After hundreds of thousands of acres of aspen in the West perished during the 2000s, William Anderegg, a Princeton University forest and climate researcher, set out to test tree physiologist Nate McDowell's hypothesis that drought killed trees in one of two ways: thirst or starvation. Anderegg found that aspen primarily died of thirst, but it wasn't an "instantaneous failure." Mortality peaked six years after the drought did, suggesting that, even when precipitation improved, the trees couldn't repair drought-damaged plumbing systems and slowly died. He also found that the dead stands were unlikely to regrow. After fires kill aboveground growth, surviving aspen roots usually send up new shoots. However, after the drought, root systems also died.
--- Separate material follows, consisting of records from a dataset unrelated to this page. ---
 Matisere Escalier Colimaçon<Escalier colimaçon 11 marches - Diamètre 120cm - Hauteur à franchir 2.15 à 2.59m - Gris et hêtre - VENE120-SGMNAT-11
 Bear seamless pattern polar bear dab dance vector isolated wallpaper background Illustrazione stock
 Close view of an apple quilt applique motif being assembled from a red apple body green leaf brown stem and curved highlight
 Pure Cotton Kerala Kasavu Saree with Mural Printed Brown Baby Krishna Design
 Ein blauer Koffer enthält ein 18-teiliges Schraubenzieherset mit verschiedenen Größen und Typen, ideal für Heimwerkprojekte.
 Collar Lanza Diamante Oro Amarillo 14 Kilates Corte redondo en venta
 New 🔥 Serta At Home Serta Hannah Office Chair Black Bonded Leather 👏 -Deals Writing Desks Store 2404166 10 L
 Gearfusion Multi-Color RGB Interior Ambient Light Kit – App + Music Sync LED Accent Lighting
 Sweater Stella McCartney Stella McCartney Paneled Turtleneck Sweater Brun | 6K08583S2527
Aspen are water-loving trees, drinking primarily from the topsoil, where moisture is controlled by the timing of snowmelt and the heat and dryness of summer air. Earlier snowmelt, and hotter, drier summers are both expected to become more common, and further reduce that water supply. "The climate," Anderegg says, "is leaving aspen behind."
In the past, cold temperatures limited the growth of the boreal forests that cover Northern latitudes. Climate change, it was thought, might increase growth in these forests. But that's not turning out to be the case in Western Canada. A 2011 study found that in forest plots unaffected by beetle outbreaks, wildfire or logging, background mortality rates have increased by about 5 percent a year since 1963. The pattern was not counterbalanced, as it was in Eastern Canada, by new growth or faster growth in surviving trees. The increase in mortality seems tied to an increase in water stress due to declines in precipitation and increases in summer temperature – a drought double-whammy.
Boreal forests are globally important because they are gigantic carbon sinks, absorbing more carbon dioxide than they emit. Disturbingly, the 2011 study suggested that if the mortality trends continue, Western Canada's boreal forest could become a net source of carbon, emitting more over time from its decaying wood than it can absorb.
The growth rates of coast redwoods and giant sequoias have surged since the 1970s, according to preliminary results of ongoing research. But this seemingly good news should be taken with a lump of salt. As temperatures continue to rise and water availability decreases, the trees could reach a threshold beyond which growth declines.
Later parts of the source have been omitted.